The first step down the road to trouble is that keepalive's request of dbtest.tcl fails with a "no connection" error. Presumably the connection to the Oracle installation on the remote server has been lost. I suspect they shut down Oracle periodically for cold backups, though I've never been able to confirm that.
Keepalive restarts the site. The site comes up and spits out this error:
[29/Jan/2006:01:14:06][12638.16384][-main-] Notice: dbdrv: opening database 'oracle:'
[29/Jan/2006:01:14:06][12638.16384][-main-] Error: nsoracle.c:1085:ora_open_db: error in `OCISessionBegin ()': ORA-01034: ORACLE not available
ORA-27101: shared memory realm does not exist
SVR4 Error: 2: No such file or directory
[29/Jan/2006:01:14:06][12638.16384][-main-] Error: dbdrv: failed to open database 'oracle:'
[29/Jan/2006:01:14:06][12638.16384][-main-] Warning: Database API: couldn't allocate a handle from database pool "pool2".

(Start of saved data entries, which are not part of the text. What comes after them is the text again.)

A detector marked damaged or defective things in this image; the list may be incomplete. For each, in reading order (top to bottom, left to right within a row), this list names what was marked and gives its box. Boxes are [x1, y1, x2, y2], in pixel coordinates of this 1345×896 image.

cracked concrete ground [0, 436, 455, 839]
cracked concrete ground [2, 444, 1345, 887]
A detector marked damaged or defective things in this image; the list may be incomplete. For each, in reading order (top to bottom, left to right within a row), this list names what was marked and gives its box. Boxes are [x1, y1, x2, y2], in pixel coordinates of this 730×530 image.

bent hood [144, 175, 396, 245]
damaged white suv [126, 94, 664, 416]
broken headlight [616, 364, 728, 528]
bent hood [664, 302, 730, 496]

[29/Jan/2006:01:14:06][12638.16384][-main-] Error: Database API: RDBMS type could not be determined for any pool.
So, presumably Oracle is still not up on the remote server. The site is now displaying the Installation Error page where the bootstrap code reports the pool2 error to the user.
So far, all is behaving as expected. But now we come to the real problem. The keepalive script fails a couple more times, and then succeeds. Because it's set up to allow a few more failures before it restarts, a second restart is never triggered and the site is left in this broken state.

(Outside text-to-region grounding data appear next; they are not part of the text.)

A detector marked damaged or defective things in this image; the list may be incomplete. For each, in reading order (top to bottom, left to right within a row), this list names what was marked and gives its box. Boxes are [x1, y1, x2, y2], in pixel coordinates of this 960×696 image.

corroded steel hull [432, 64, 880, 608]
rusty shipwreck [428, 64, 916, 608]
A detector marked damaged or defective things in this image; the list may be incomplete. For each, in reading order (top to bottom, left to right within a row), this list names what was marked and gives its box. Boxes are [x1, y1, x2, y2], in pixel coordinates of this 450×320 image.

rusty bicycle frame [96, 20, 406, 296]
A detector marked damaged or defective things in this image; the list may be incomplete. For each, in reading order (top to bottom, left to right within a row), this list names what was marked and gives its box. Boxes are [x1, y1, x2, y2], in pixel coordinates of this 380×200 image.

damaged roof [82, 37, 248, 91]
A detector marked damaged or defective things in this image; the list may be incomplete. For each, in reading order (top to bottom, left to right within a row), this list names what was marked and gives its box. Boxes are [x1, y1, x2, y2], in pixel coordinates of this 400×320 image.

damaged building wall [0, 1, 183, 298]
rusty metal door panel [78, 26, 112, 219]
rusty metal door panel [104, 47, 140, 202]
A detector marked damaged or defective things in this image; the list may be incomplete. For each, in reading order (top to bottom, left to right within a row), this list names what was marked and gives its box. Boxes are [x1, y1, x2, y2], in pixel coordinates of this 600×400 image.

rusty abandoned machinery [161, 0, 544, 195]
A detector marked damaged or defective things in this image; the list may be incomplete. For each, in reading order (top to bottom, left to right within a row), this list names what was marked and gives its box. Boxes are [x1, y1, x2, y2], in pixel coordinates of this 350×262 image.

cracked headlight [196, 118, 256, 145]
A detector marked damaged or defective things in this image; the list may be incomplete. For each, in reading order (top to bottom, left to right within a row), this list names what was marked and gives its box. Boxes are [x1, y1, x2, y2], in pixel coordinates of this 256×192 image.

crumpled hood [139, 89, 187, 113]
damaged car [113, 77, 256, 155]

I find it rather puzzling that the db connection comes back to life at all. As Andrew pointed out, AOLserver doesn't usually do that. All I can guess is that I was able to get a valid connection to the local listener, which then sprang to life when the remote database started responding.
So, what to do? I could change keepalive's settings to restart every time it fails, but that would not necessarily solve the problem. It would still be possible for Oracle to come back to life after the db check failed but before the next time dbtest.tcl was requested, and we'd be in the same situation. In order to make the window small enough for this to be unlikely to happen I'd have to test very frequently, once a minute or less.
What I really need to do is to detect that the site is in this state and force a restart as soon as the database starts working again. Something like grabbing the home page and looking for the words "OpenACS could not allocate a handle" or something like that. Cludgy, but I'm not sure I have an alternative.
I would write a special purpose script to do exactly that. I don't know whether you could get AOLserver to work for answering that question, but writing a script using Oratcl or even Sqlplus to repeatedly try to connect to Oracle is definitely feasible.
I'd change your OpenACS code so that anytime the Oracle connection breaks, you serve some sort of, "Sorry, our Oracle database is down for maintenance." message, then immediately fire off the to script to poll Oracle until it's back up. Once the script says Oracle is back up, call ns_shutdown to restart. (Of course, if due to some bug or other problem the script always says, "Yes, Oracle is up.", but AOLserver's db connection is still broken, you'd go into an infinite loop of AOLserver restarts - ugh - so you need to handle those sorts of cases.)
I would change your external Keepalive to check only a *.tcl page which does not need any database connectivity at all. (Or just turn Keepalive off entirely, you probably don't really need it.)